You can use one skewer per kabob, but if you’d like more stability while grilling, use two.
See also: Recipe Roundup: Salmon
See also: Grilled Veggie Kabobs with Herbes de Provence and Meyer Lemon
Seasoned Salmon Skewers
Equipment
- 8 bamboo skewers (Or 16 if you want to have 2 sticks per skewer for more stability). Soak in water for at least 30-60 minutes.
Ingredients
Ingredients:
- 2 Tbsp chopped fresh oregano use half or less if using dry
- 2 tsp sesame seeds
- 1 tsp ground cumin
- 1 tsp kosher salt
- 1/8 tsp chili powder
- 1/8 tsp paprika
- Zest of half a lemon
- 2 Tbsp Sigona’s Meyer lemon fused olive oil
- 1 ½ to 2 lbs skinless salmon fillet cut into 1″ cubes
Instructions
- Allow the wooden skewers to soak in warm water for at least 30-60 minutes.
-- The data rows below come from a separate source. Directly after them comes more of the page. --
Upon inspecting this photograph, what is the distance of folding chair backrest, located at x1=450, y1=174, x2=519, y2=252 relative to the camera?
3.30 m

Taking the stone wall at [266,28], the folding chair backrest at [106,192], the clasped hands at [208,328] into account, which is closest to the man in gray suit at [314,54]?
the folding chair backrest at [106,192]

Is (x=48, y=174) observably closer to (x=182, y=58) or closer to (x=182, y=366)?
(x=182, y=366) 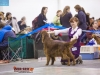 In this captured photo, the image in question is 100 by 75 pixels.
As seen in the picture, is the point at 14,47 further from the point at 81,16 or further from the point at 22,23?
the point at 22,23

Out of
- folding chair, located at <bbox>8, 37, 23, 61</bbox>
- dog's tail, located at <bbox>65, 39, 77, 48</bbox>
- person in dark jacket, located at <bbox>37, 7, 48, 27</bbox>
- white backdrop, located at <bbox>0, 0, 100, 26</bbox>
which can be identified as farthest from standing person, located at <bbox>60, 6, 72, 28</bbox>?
white backdrop, located at <bbox>0, 0, 100, 26</bbox>

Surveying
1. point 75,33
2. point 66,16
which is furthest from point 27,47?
point 75,33

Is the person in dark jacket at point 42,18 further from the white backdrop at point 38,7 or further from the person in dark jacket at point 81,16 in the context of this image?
the white backdrop at point 38,7

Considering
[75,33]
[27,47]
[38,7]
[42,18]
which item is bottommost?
[27,47]

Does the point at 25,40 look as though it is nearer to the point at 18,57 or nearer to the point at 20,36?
the point at 20,36

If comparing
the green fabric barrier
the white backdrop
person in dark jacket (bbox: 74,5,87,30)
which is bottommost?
the green fabric barrier

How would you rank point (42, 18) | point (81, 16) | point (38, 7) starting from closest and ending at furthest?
point (81, 16)
point (42, 18)
point (38, 7)

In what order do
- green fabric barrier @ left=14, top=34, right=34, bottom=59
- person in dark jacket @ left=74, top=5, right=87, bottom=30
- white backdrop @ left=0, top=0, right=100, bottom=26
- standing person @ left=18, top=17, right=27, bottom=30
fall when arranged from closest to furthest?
person in dark jacket @ left=74, top=5, right=87, bottom=30 < green fabric barrier @ left=14, top=34, right=34, bottom=59 < standing person @ left=18, top=17, right=27, bottom=30 < white backdrop @ left=0, top=0, right=100, bottom=26

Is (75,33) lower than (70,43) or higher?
higher

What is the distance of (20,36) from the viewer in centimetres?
937

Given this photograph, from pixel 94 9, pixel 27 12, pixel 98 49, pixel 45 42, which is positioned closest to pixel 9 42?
pixel 45 42

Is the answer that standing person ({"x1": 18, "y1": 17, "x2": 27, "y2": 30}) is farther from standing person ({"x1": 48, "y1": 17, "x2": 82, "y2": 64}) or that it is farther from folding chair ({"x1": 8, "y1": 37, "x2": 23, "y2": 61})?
standing person ({"x1": 48, "y1": 17, "x2": 82, "y2": 64})

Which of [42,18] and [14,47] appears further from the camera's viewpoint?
[42,18]

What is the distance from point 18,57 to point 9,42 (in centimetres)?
61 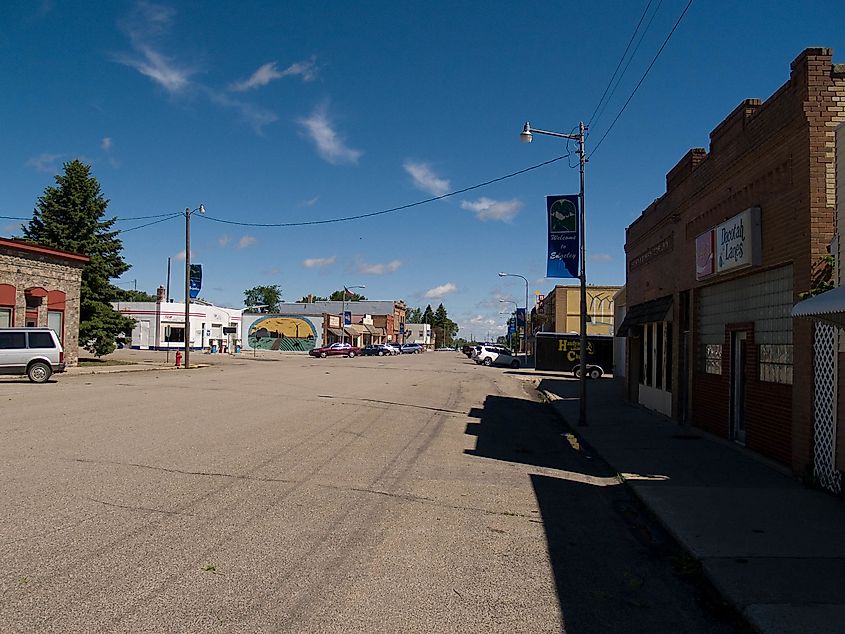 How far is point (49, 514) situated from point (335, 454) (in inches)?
200

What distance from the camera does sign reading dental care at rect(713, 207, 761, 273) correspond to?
11586 millimetres

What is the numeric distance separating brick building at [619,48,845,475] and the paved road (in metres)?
2.93

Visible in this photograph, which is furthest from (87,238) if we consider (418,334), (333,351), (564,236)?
(418,334)

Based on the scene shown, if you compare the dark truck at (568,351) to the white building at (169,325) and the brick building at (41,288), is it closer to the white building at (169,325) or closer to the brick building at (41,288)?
the brick building at (41,288)

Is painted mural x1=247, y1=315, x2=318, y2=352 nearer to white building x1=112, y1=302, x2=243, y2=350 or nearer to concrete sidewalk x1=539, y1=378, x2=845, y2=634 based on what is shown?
white building x1=112, y1=302, x2=243, y2=350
- Whisk together in a large bowl the oregano, sesame seeds, cumin, salt, chili powder, paprika, lemon zest and Meyer lemon fused olive oil. Add the salmon cubes and gently toss together until well coated. Allow to sit for about 30 minutes, tossing occasionally, before skewering.
- Prepare a grill or grill pan over medium heat. Skewer salmon equally onto the skewers (use 2 skewers per kabob for more stability, if desired). Add to the grill and cook, turning occasionally, for about 5-8 minutes until fish is opaque throughout.